Некоторые интерпретировали истекший срок "послушничества", или испытательного срока, как указание на физическую капитуляцию Шарлотты;42 И все же он написал ей шесть лет спустя: "Дорогая Лотта, ты не знаешь, какое насилие я совершил над собой и продолжаю совершать, и как мысль о том, что я не обладаю тобой... изнуряет и поглощает меня".43 Если же брак и состоялся, то тайна хранилась хорошо. Барон фон Штайн, который умер только в 1793 году, относился к этой связи с учтивостью джентльмена XVIII века. Иногда Гете заканчивал свои письма словами "С уважением к Штейну".44
Он научился любить и ее детей, все острее ощущая нехватку своих собственных. Весной 1783 года он уговорил ее разрешить десятилетнему мальчику Фрицу оставаться с ним надолго и даже сопровождать его в дальних поездках. Одно из ее писем к Фрицу (сентябрь 1783 года) показывает ее материнскую сторону и человеческие сердца, скрытые за дегуманизированным фасадом истории:
Я так рада, что ты не забываешь меня в прекрасном мире и пишешь мне сносные, хотя и не очень хорошо оформленные письма. Поскольку вы задерживаетесь здесь гораздо дольше, чем я ожидала, боюсь, что ваша одежда будет выглядеть не лучшим образом. Если они испачкаются, и ты тоже, скажи тайному советнику Гете, чтобы он бросил моего дорогого маленького Фрица в воду. ...Постарайтесь оценить свою удачу и сделайте все возможное, чтобы понравиться советнику своим поведением. Ваш отец желает, чтобы о вас помнили.45
К 1785 году страсть Гете утихла и превратилась в долгое молчание. В мае 1786 года Шарлотта жаловалась, что "Гете много думает и ничего не говорит".46 Ей было уже сорок четыре, ему - тридцать семь, и он уходил в себя. Он часто ездил в Йену, чтобы уединиться от веймарского двора и поискать омоложения среди студентов. Он всегда освежался на природе, поднимался на Брокен (вершина высотой 3 747 футов в горах Гарц, давно связанная с легендой о Фаусте) и путешествовал с герцогом по Швейцарии (с сентября 1779 по январь 1780 года). Иногда, оглядываясь назад, он чувствовал, что "за первые десять лет моей официальной и придворной жизни в Веймаре я почти ничего не добился".47 в литературе и науке. Но хорошо, что поэт скрестился с администратором, а полуиспуганного юношу и неверного любовника дисциплинировали служебные обязанности и отсрочка любовных побед. Он использовал каждый опыт и рос с каждым поражением. "Самое лучшее во мне - это глубокая внутренняя неподвижность, в которой я живу и развиваюсь, несмотря на мир, и благодаря которой я обретаю то, чего мир никогда не сможет у меня отнять".48 Ничто не было потеряно для него; все находило выражение в его произведениях; в конце концов, он был всем лучшим из интеллектуальной Германии, слитым в единое целое.

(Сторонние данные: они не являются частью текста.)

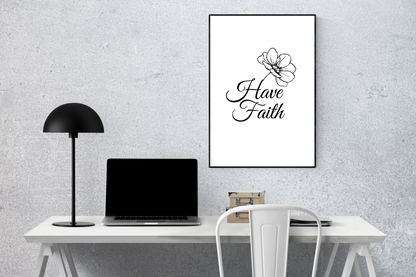 Black and white Have Faith wall art styled in a modern home office with simple, minimalist décor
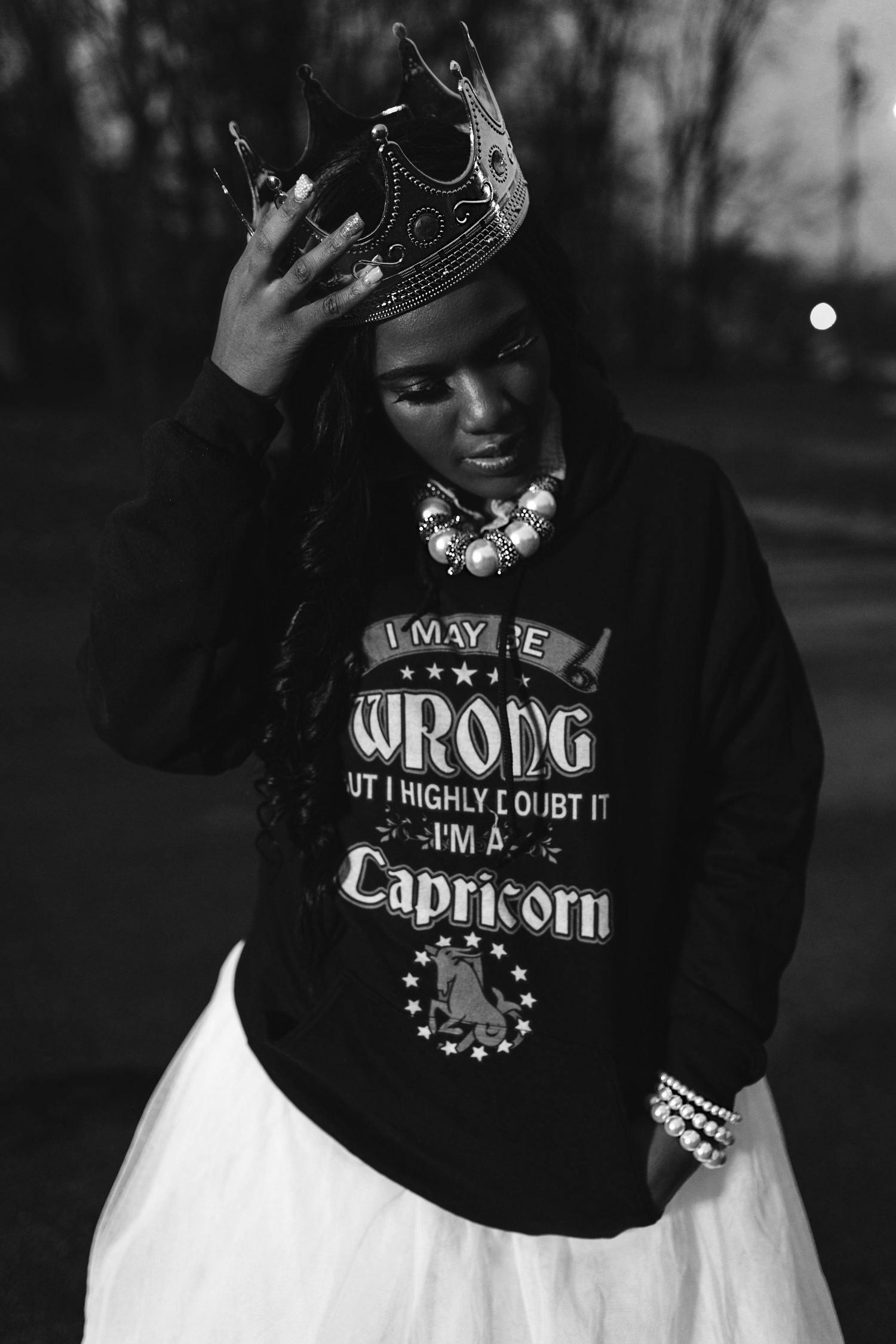 A black and white photo series showing someone wearing a hooded sweatshirt with Capricorn zodiac text and jewelry.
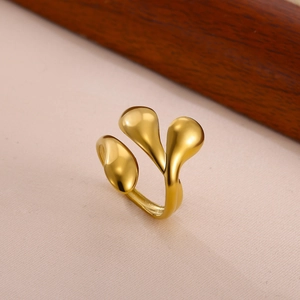 Close-up of golden multi-head droplet ring with adjustable open band and mirror polish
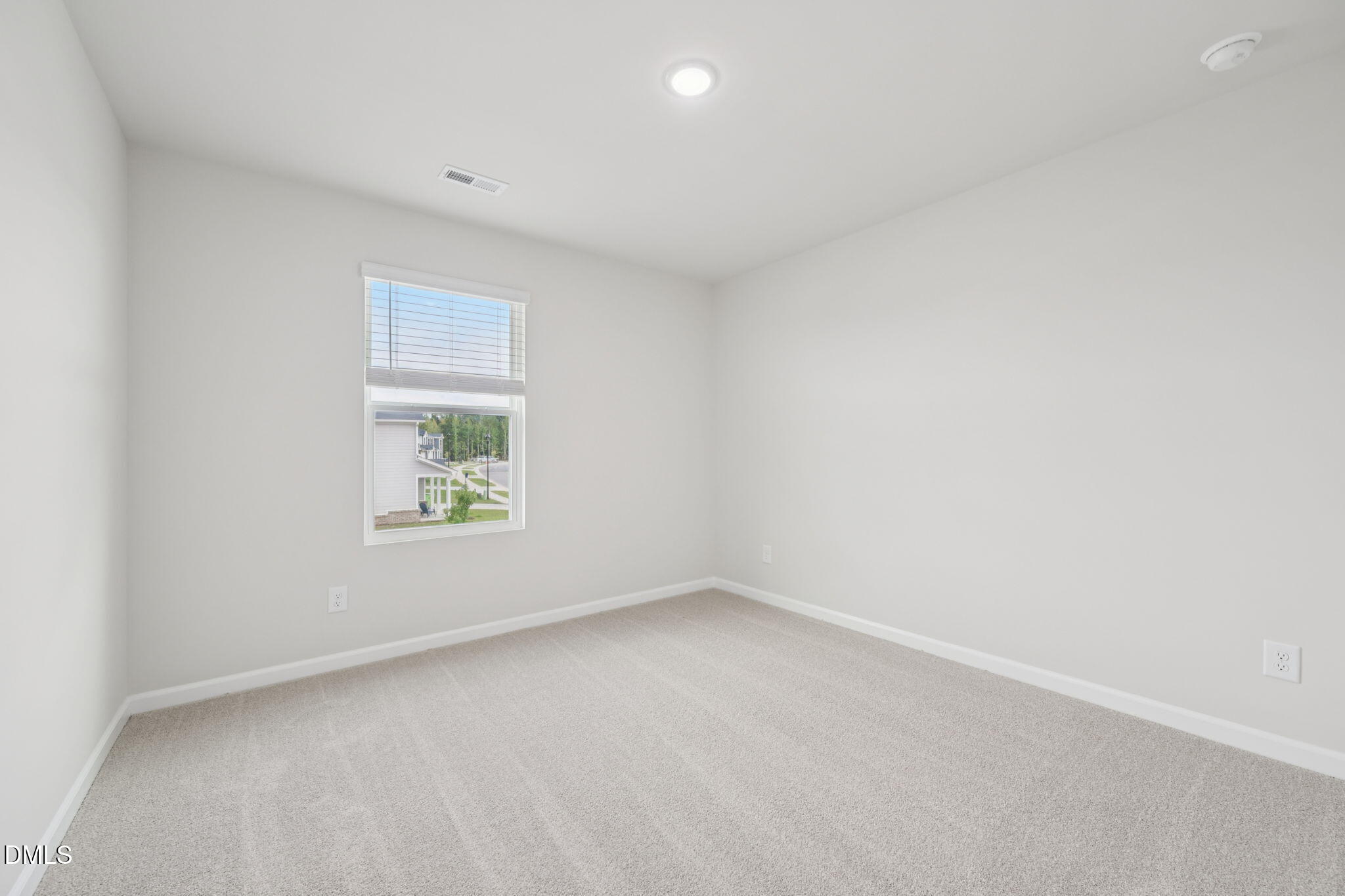 1454 Hatteras Road Durham, NC 27703 - Photo 49 of 53 an empty room with a window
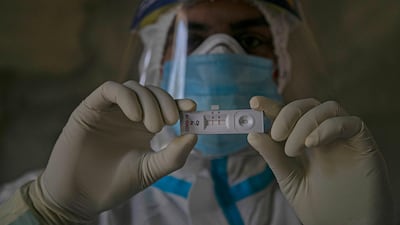 A health worker displays a test kit showing a positive result for Covid-19 in Gauhati, India. AP Photo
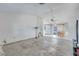 View of open living room with tile flooring, a ceiling fan and dining space at 11414 Layton St, Leesburg, FL 34788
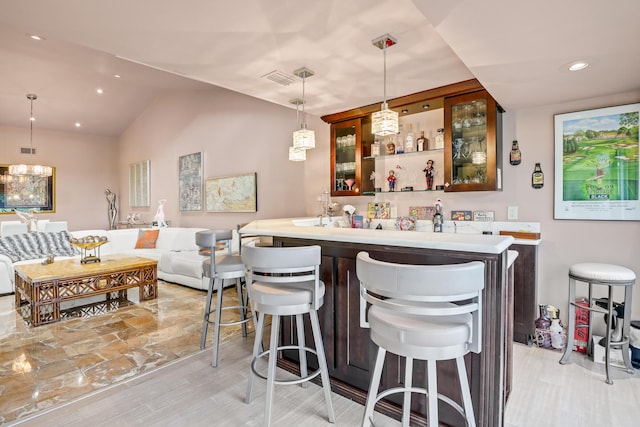 kitchen with a breakfast bar, hanging light fixtures, vaulted ceiling, light hardwood / wood-style flooring, and kitchen peninsula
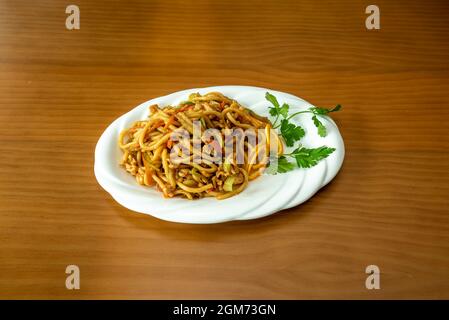 Asiatische udon-Nudeln mit heißer Sauce, sautiertem Obst, Gemüse und Karotten sowie Hühnerfleisch mit Petersilie auf weißem Tablett Stockfoto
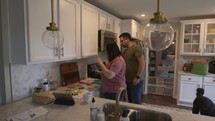 Married couple making dinner in the kitchen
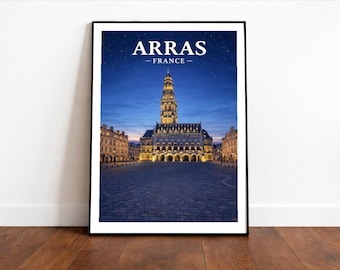 May include: Framed print featuring a nighttime view of Arras, France. The image showcases a large building with a tall tower, illuminated against a twilight sky. The word "ARRAS" and "FRANCE" are printed at the top.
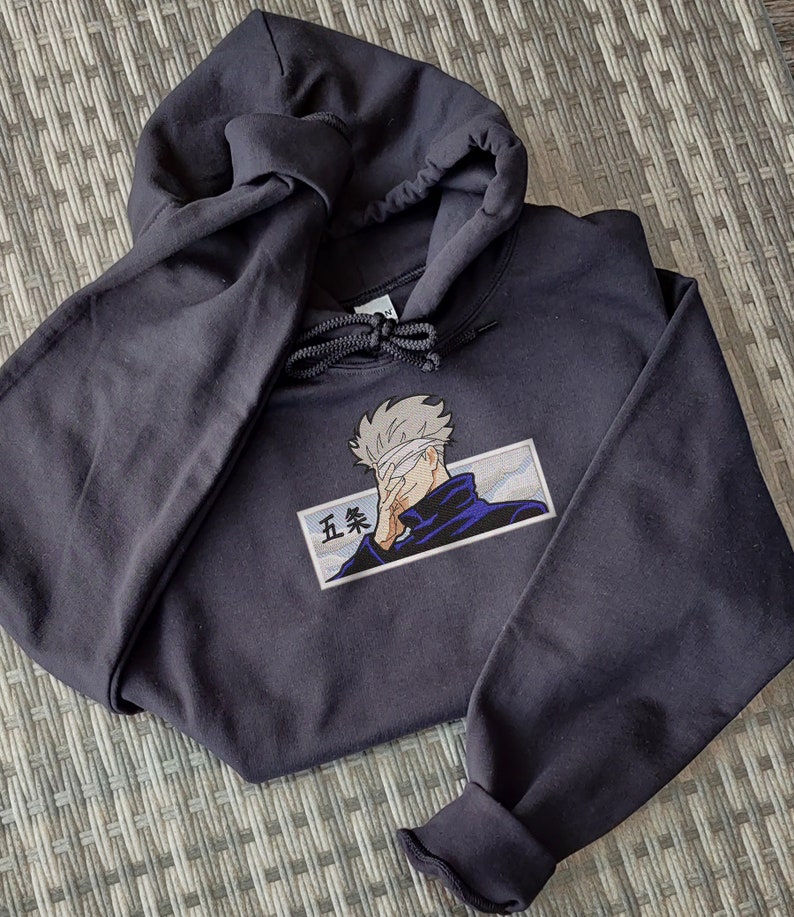 May include: A black hooded sweatshirt with a white and blue embroidered image of a character with a blindfold and the text "五条" on the front.
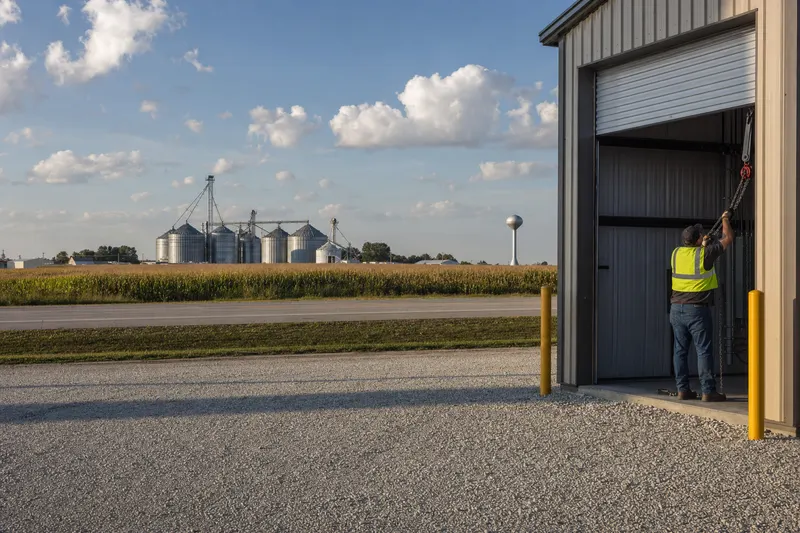 Technician inspecting the chain hoist of a rolling steel door on a metal warehouse near grain bins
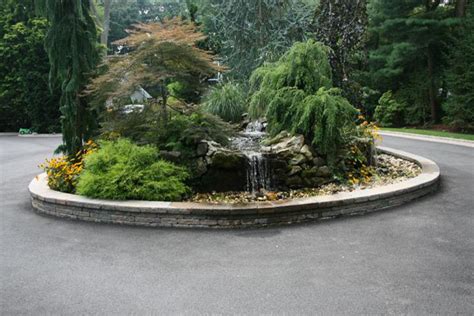 Circular Driveway Design With Water Feature Landscape New York By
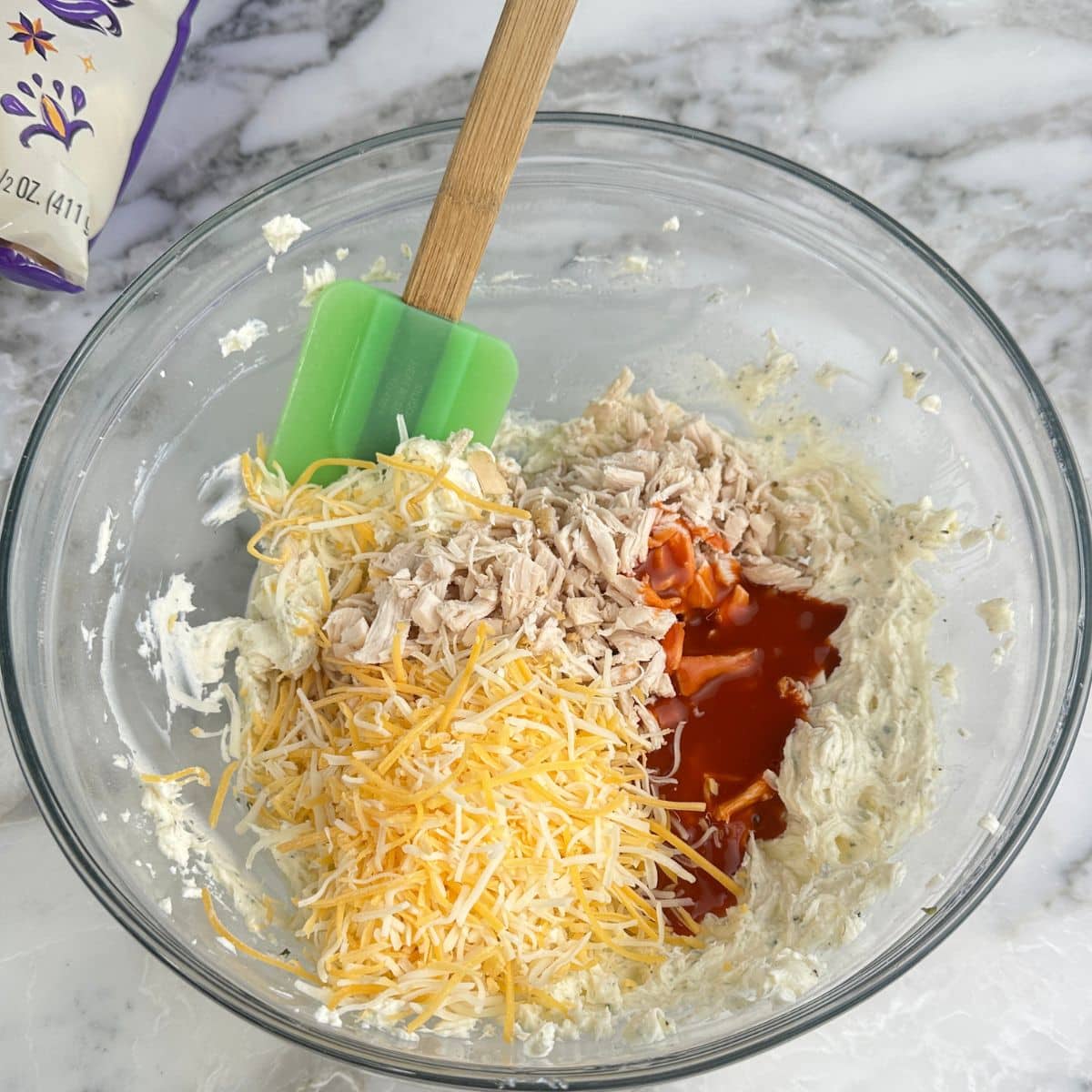 Bowl with cream cheese, shredded cheese, chicken, and buffalo sauce.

К этому периоду относятся два его величайших стихотворения: соединение философии и религии, поэзии и прозы в "Натуре" и самая совершенная лирика - вторая из тех, что называются "Ночь странников", которую он вырезал на стенах охотничьего домика 7 сентября 1780 года,49 возможно, в состоянии беспокойной тоски:
За чужой Гипфельн
1-я Рух;
В чужих випфелнах
Проведите ду
Kaum einen Hauch;
Die Vögelein schweigen im Walde.
Warte nur! Balde
Руст ду аух.
На всех вершинах холмов
теперь тихо;
На
всех вершинах деревьев
едва слышно дыхание;
Птицы спят на деревьях.
Подожди: скоро и
ты отдохнешь
, как они
.50
К этой стадии развития относится и другая знаменитая лирика Гете: мрачный "Эрлкёниг", положенный Шубертом на музыку. Когда детское ощущение мистических существ, пронизывающих природу, было выражено ярче, чем в этой стремительной фантазии умирающего ребенка, который видит "короля эльфов", пришедшего вырвать его из рук отца?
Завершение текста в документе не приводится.